Combinatorial Optimization
Decarbonization planning involves making complex decisions, particularly when it comes to optimizing emissions reduction strategies within budgetary constraints. Combinatorial optimization, a branch of mathematical optimization, is critical in this context. It involves finding the best solution from a finite set of possibilities—whether for large portfolios or individual buildings.
For example, retrofitting a building to reduce energy use and emissions can involve millions of possible combinations of interventions. When considering time-of-use effects for emissions and costs, the complexity increases even further. Traditionally, this problem has been addressed using commercial solvers or approximation algorithms, but these methods can be computationally expensive.

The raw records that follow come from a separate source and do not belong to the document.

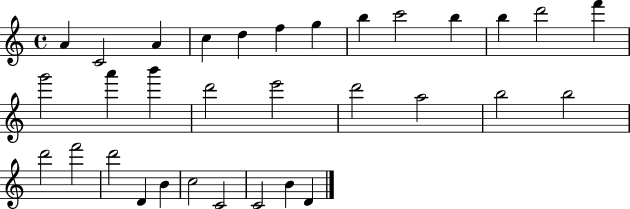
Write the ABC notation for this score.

X:1
T:Untitled
M:4/4
L:1/4
K:C
A C2 A c d f g b c'2 b b d'2 f' g'2 a' b' d'2 e'2 d'2 a2 b2 b2 d'2 f'2 d'2 D B c2 C2 C2 B D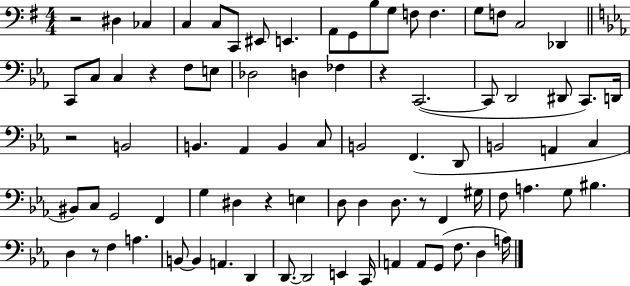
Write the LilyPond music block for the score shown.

{
  \clef bass
  \numericTimeSignature
  \time 4/4
  \key g \major
  r2 dis4 ces4 | c4 c8 c,8 eis,8 e,4. | a,8 g,8 b8 g8 f8 f4. | g8 f8 c2 des,4 | \break \bar "||" \break \key ees \major c,8 c8 c4 r4 f8 e8 | des2 d4 fes4 | r4 c,2.~(~ | c,8 d,2 dis,8 c,8.) d,16 | \break r2 b,2 | b,4. aes,4 b,4 c8 | b,2 f,4.( d,8 | b,2 a,4 c4 | \break bis,8) c8 g,2 f,4 | g4 dis4 r4 e4 | d8 d4 d8. r8 f,4 gis16 | f8 a4. g8 bis4. | \break d4 r8 f4 a4. | b,8~~ b,4 a,4. d,4 | d,8.~~ d,2 e,4 c,16 | a,4 a,8 g,8( f8. d4 a16) | \break \bar "|."
}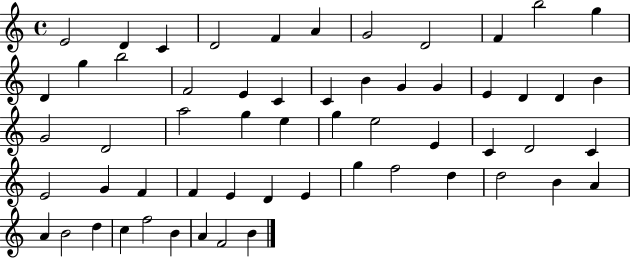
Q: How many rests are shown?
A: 0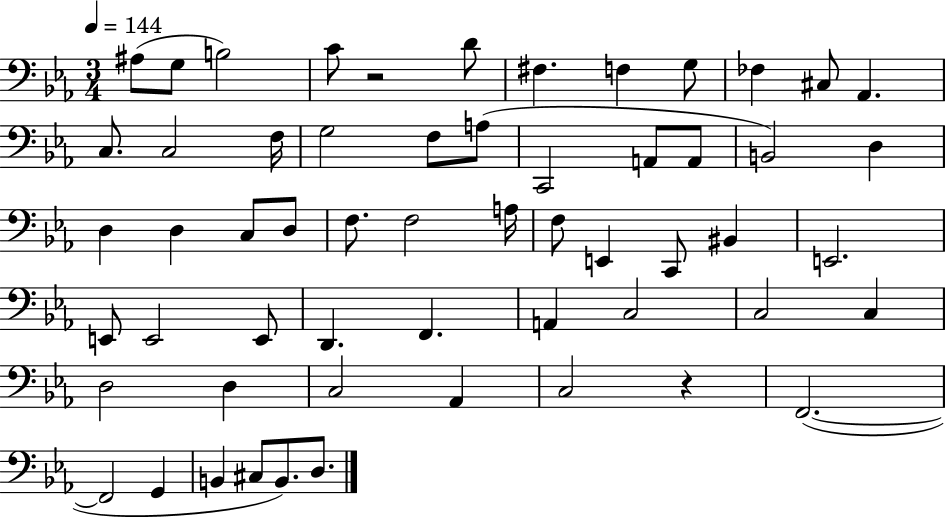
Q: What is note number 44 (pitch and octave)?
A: D3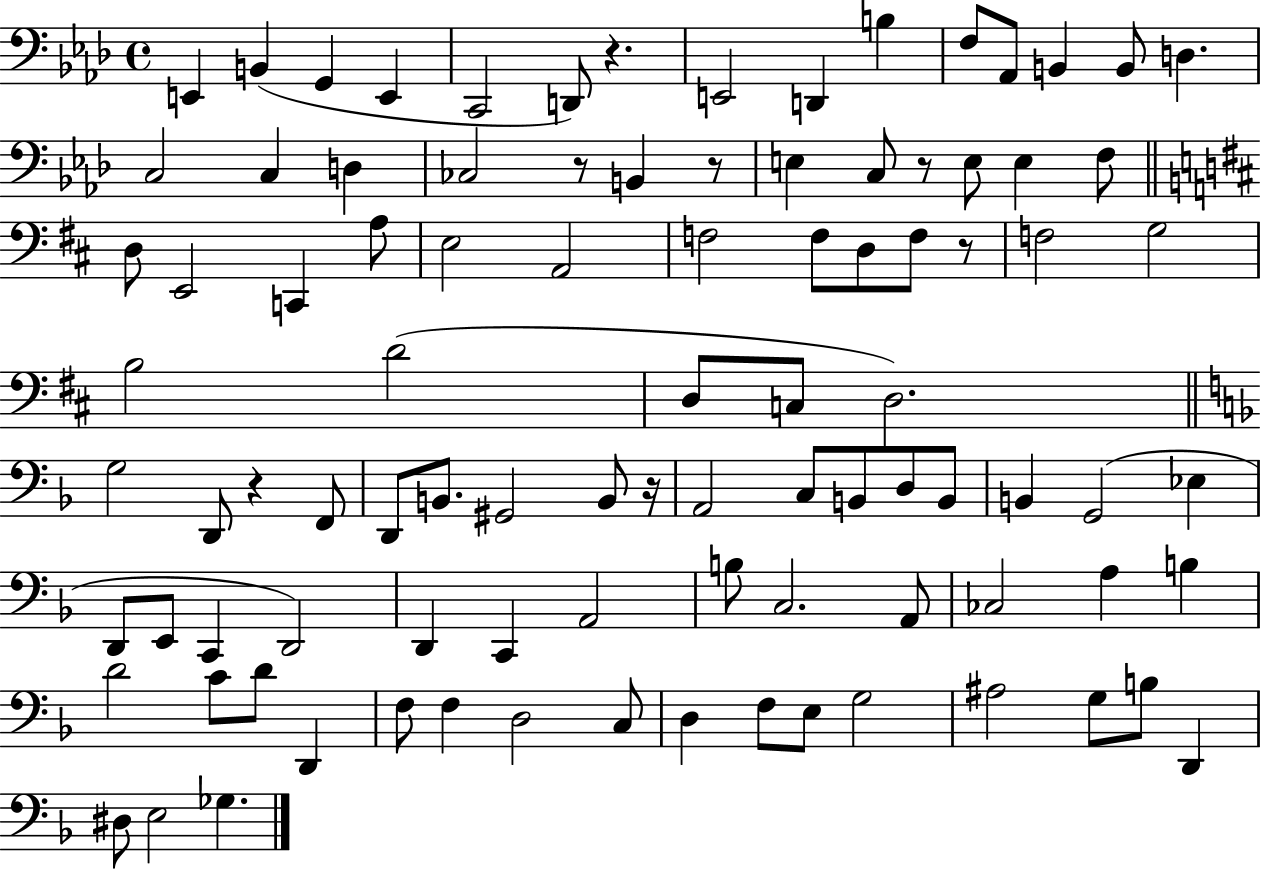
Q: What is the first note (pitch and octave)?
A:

Emerging approaches using DNNs combined with reinforcement learning are offering a faster, more efficient way to find near-optimal solutions. These techniques allow for the rapid exploration of large solution spaces, enabling more effective and timely decarbonization planning.
Unique Synthesis for Bespoke Needs
At NZero, we understand that each organization has unique needs when it comes to energy and emissions data. The ability to tailor analysis and reporting to meet these specific requirements is crucial for customer satisfaction. Historically, this level of customization has required manual data exports and the joining of datasets outside our platform, often with the support of our services team.
However, the advent of LLMs and generative AI is transforming this process. These technologies enable the creation of bespoke reports and analyses based on unique customer queries, all within their preferred context, and without the need for human intervention. This not only enhances the scalability of decarbonization knowledge and services but also democratizes access to advanced sustainability tools—making them available to a wider range of organizations in a cost-effective manner.
The potential for AI to address the challenges of sustainability reporting and decarbonization planning is immense. As these technologies continue to evolve, one thing is certain: the future of net-zero will be powered by data—detailed, comprehensive, and increasingly accessible data. At NZero, we are committed to leveraging AI to help companies navigate this complex landscape and achieve their sustainability goals, making net-zero not just a target, but a reality.